Comment by wharvle

2 years ago

1491 (or is it the sequel, 1493? I could see this topic ending up in either) makes the case that there's nowhere near as much evidence of Native Americans eating passenger pigeons as one might expect given the vast populations (and incredible ease of hunting) reported in later decades. Instead, the vast numbers may have been a sign of a badly screwed-up ecosystem, with huge swaths of native-managed agriculture and land suddenly going unmanaged, freeing up tons of cheap calories of exactly the kind the birds could use, leading to a gigantic boom in species perfectly-situated to take advantage of it, which would include the Passenger.
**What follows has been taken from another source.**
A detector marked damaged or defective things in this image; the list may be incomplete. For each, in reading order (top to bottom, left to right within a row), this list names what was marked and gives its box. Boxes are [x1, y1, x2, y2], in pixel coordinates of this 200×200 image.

All this, on account of the continent experiencing an apocalyptic drop in population after European disease arrived (and for other reasons, of course, but the diseases did a great deal of it).

That's not why it went extinct, of course, but does put in perspective what may have been a more "natural" population level for the bird, previously—the shocking decline may have been from an aberrant many-times-larger-than-normal population, not from the range in which the population had tended to stay before extensive contact with Europe. It may also explain why it was possible for it to go extinct so seemingly-easily—they weren't truly thriving as much as one might suppose from the numbers, and in fact were quite vulnerable, especially if people got accustomed to eating lots of them and their population was already destined to rubber-band back to something under its ordinary level.